Ses livres ne sont pas précisément de l’autofiction, ou alors c’est indétectable mais on sent bien que les tourments, les nœuds existentiels dans lesquels la narratrice se prend les pieds, sont nourris par des questionnements qui ont traversé l’auteure qui a le même âge que son personnage. Un écrivain elle aussi, mais mineur, une femme de cinquante ans, épouse et mère d’une jeune femme en fleur, au sommet de sa beauté, de ses possibilités, et au seuil des choix qu’elle peut encore faire, elle.

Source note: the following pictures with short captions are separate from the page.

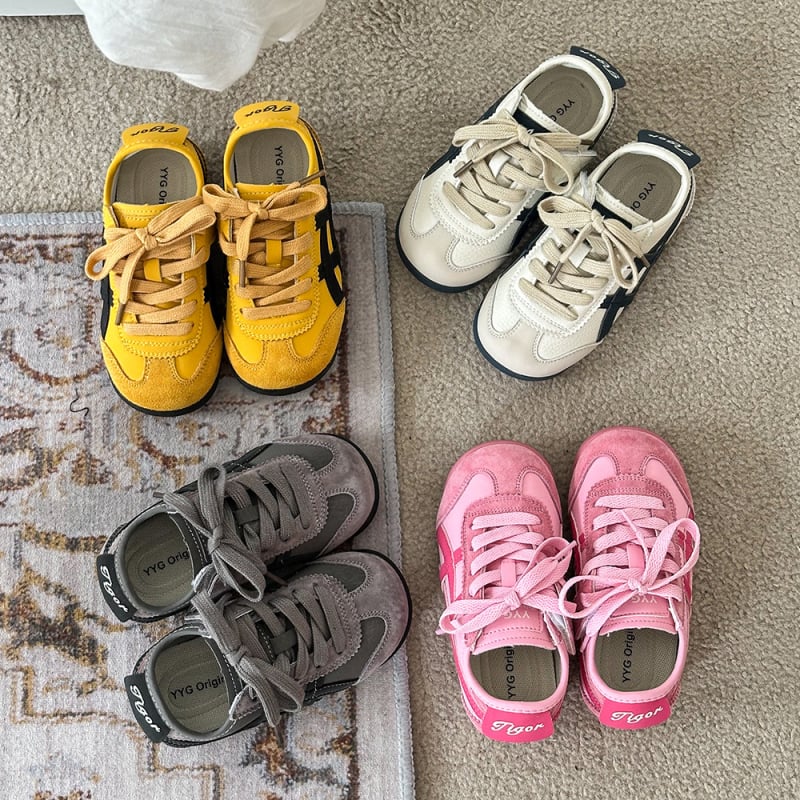 Детски ниски спортни обувки, дишащи, водоустойчиви, противохлъзващи, износоустойчиви, унисекс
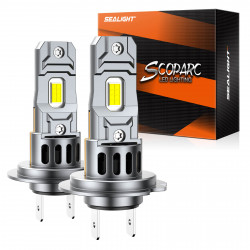 SEALIGHT® S2S H7 70W 6500K White IP68 LED Headlight Bulbs 2Pcs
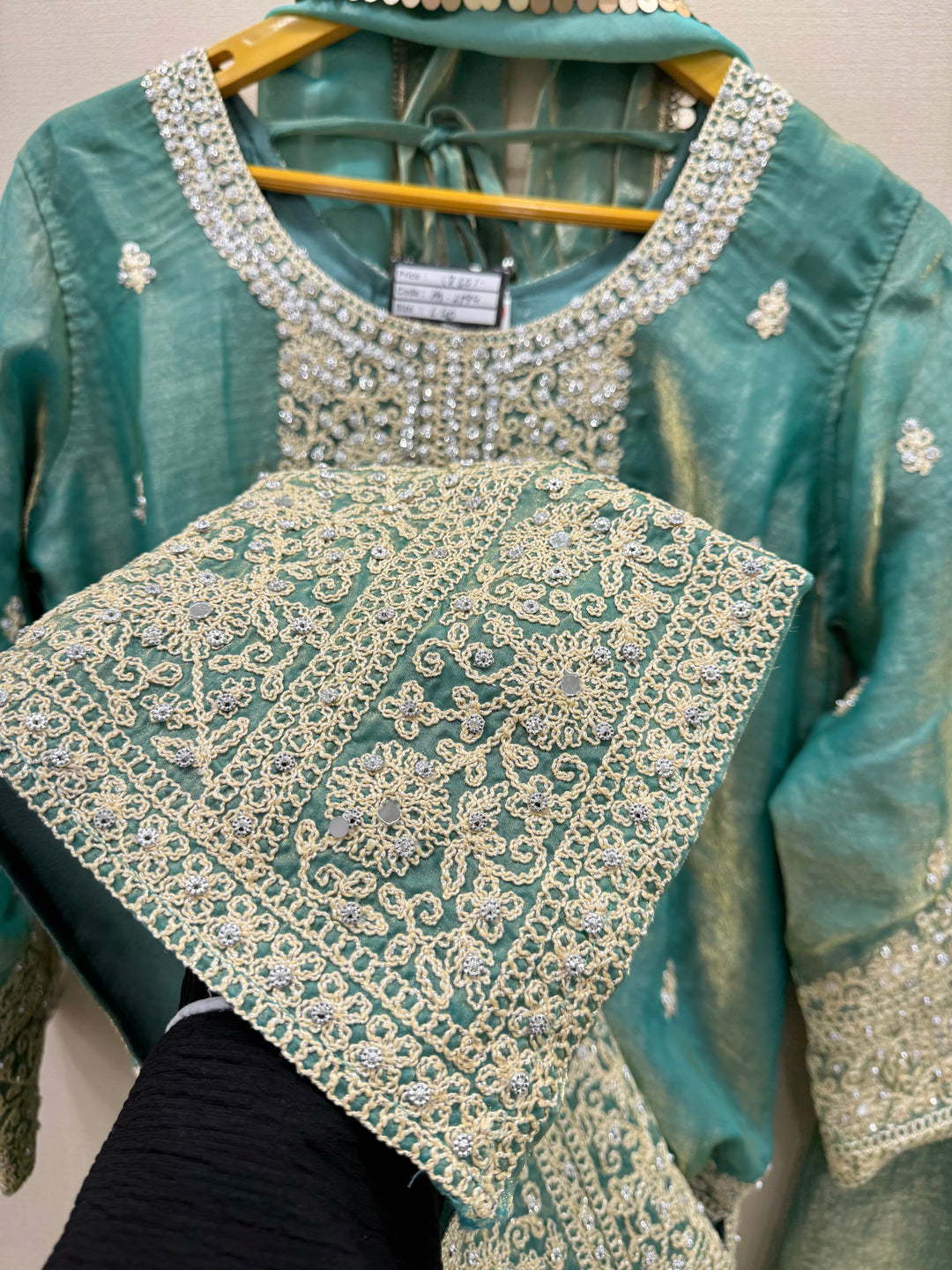 Shimmer Organza suits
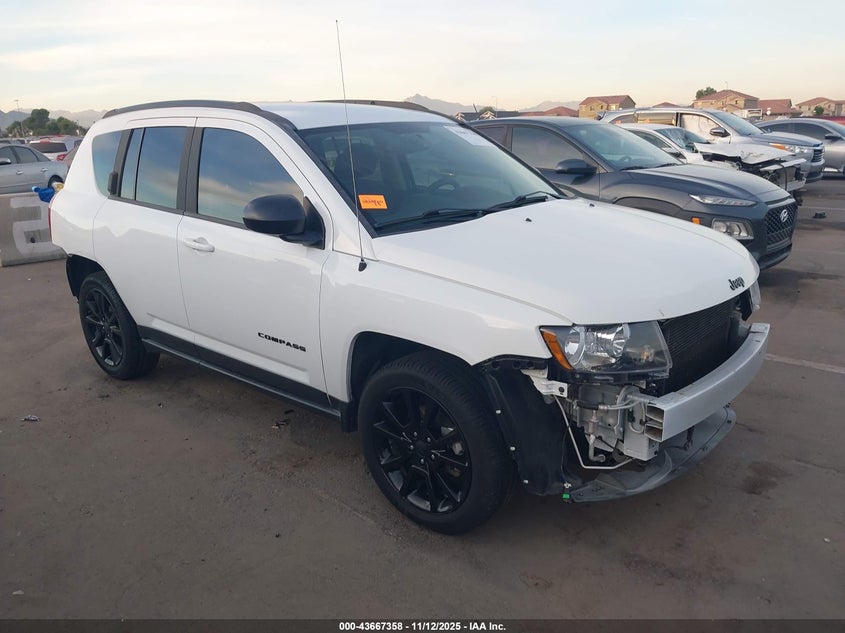 1C4NJCBA6ED830640 2014 Jeep Compass Altitude auction photo 1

Une narratrice, dont nous ne connaissons pas le prénom, s’adresse à un correspondant dont nous ne savons rien, pour lui raconter par le menu la mésaventure qui lui est arrivée. Il y a des années de cela, elle est tombée en pâmoison devant l’œuvre d’un jeune artiste très en vue. Dans ses tableaux, elle a reconnu son paysage intérieur, comme si sans la connaître, il avait révélé sa psyché et atteint son être profond. Elle en avait été troublée au point de quitter son mari et sa petite fille. Quinze ans plus tard, remariée avec un homme solide et terrien, elle a l’idée d’inviter en résidence cet artiste qu’elle n’a jamais rencontré, et de l’installer dans la dépendance, la petite maison avec la jolie vue, au bout du terrain.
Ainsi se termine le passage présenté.